For the Pangolin dress, each group of electrodes and chips was mounted on a six-sided tile, and the wearer’s head—in this case, that of Megi Gin in Austria [below], who became as much a test participant as model—was covered in tiles, each hosting a custom chip and antenna.

Megi Gin with the electrodes and chips mounted on her head.Photos: Sarah Breinbauer

The next step up the technology stack was provided by Austrian commercial BCI developer and manufacturer, G.tec. G.tec brought its experience of analyzing neural signals to bear,  integrating and interpreting the data coming from the tiles. For example, when you decide to move a muscle voluntarily, it sets off a localized pattern of activity in your motor cortex that can be detected and identified, “With 1,024 separate channels, you can get single finger resolution. This is something you normally cannot do with surface electrodes, you need implants,” says G.tec co-founder Christoph Guger. Normally, says Guger, surface electrode systems have 64 channels, which is only enough to distinguish, for example, whether the movement is intended for the right or left arm.

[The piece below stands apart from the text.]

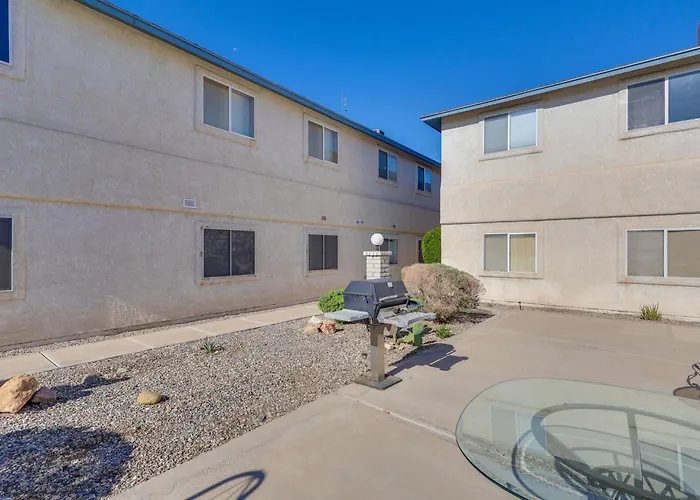 Ferienhaus Pool Access & Mtn Views: Havasu Condo!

Because brains vary, identifying such fine grained detail requires calibrating the system to the individual wearer, using machine learning to recognize the patterns associated with different motions. However, the system doesn’t actually need you to be able to move any given muscle—in fact it learns more easily when the participant simply imagines performing a movement, because imagining a movement typically takes longer than performing it, producing a more sustained signal. This means that patients with paralyzed or missing limbs may be able to avail of the technology, and Guger even speculates as far as the possibility of BCI-controlled exoskeletons.

The Pangolin dress determines whether the wearer is one of a number of mental states, including stressed, neutral, and meditative, and expresses this through motion and light. The dress itself was created by designer Wipprecht, who previously wrote for IEEE Spectrum about her collaboration with G.tec in designing the Unicorn headset, intended to help therapists tune programs for children with ADHD.  

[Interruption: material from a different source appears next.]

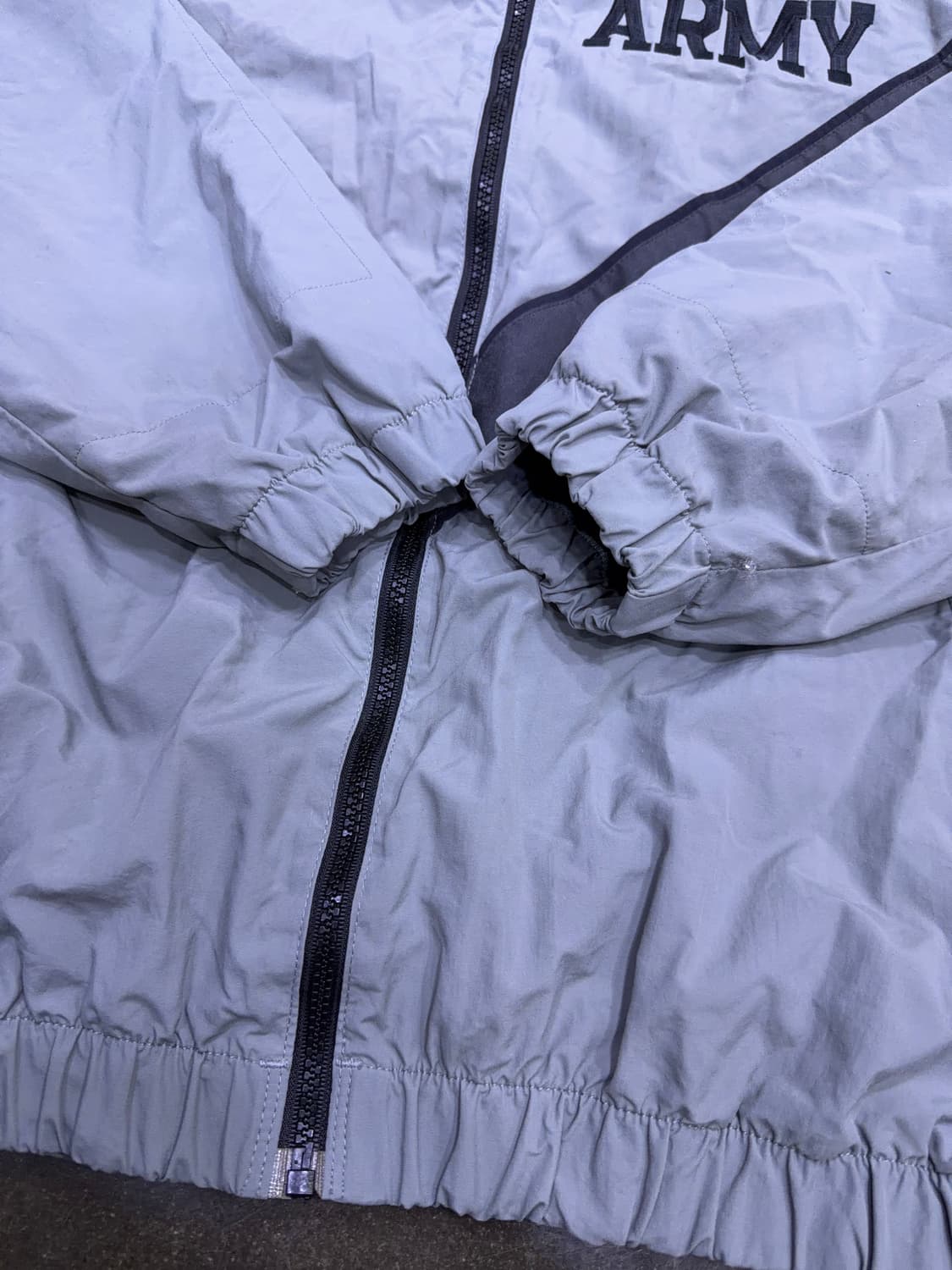 미군 ARMY 트레이닝 IPFU 바람막이 점퍼 봄버 L 상품이미지5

Model in BCI Pangolin dressThe full length dress—this photo was taken in Florida, so it does not include the full set of head-mounted sensorsPhoto: Yanni de Melo

The dress combines rigid and fabric elements, with the rigid elements 3D-printed using selective laser sintering in nine interlocking segments. The modular nature of the sensors sparked the idea of taking inspiration from the flexible pangolin’s often lustrous keratin scales, says Wipprecht. For Wipprecht, part of the challenge was that brain signals can change much faster than a servo can change angle, so she decided to focus on reflecting the frequency of change instead: i.e when low frequency brain waves predominate, the servos and lights move and pulse slowly.  "So much of the interaction design in my pieces is about creating an elegant behavior that gives a good sense of what the data is doing. In this case, since we have a lot of data points through all the 1,024 channels in the dress, my interactions can become even more spot-on … A hectic state is reflected in quick jittery movements and white lights, a neutral state is reflected in neutral movements and blue lights, and a meditative state is where the dress will turn purple with smooth, flowing movements,” says Wipprecht.

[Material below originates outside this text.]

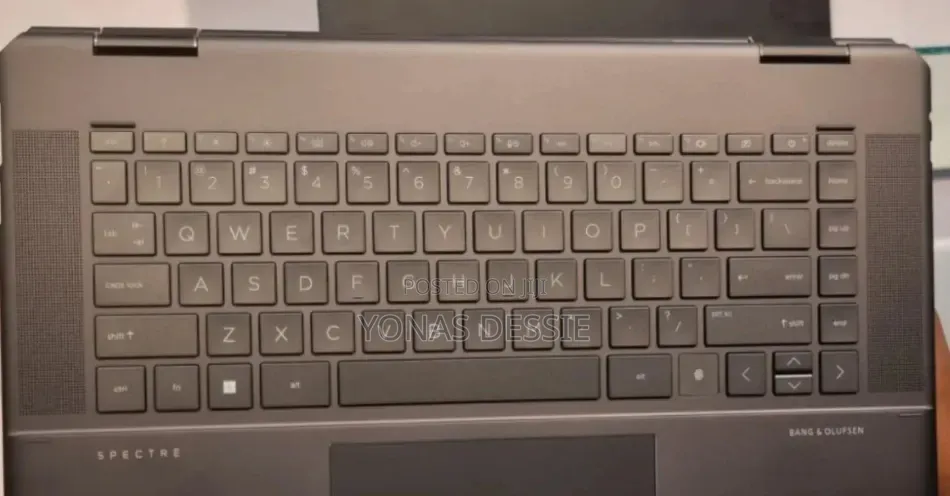New Laptop HP Spectre 16GB Intel Core i7 SSD 1T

The Pangolin collaboration began late last year and continued despite the complication of Covid-19 restrictions. Although the JKU and G.tec teams were located in Austria, Wipprecht is in the hard-hit state of Florida. For the Austrian teams this meant severely restricted access to their labs, but they were able to send four sensor modules to Wipprecht as she worked on the dress design. The completed dress only arrived in Austria last month for final  testing.

The Pangolin team hopes to create another iteration of the dress, this time using the sensors in a completely wireless mode. Discussions about commercializing the sensor technology are ongoing, but Guger estimates that within about two years it could be an off-the-shelf option for other researchers.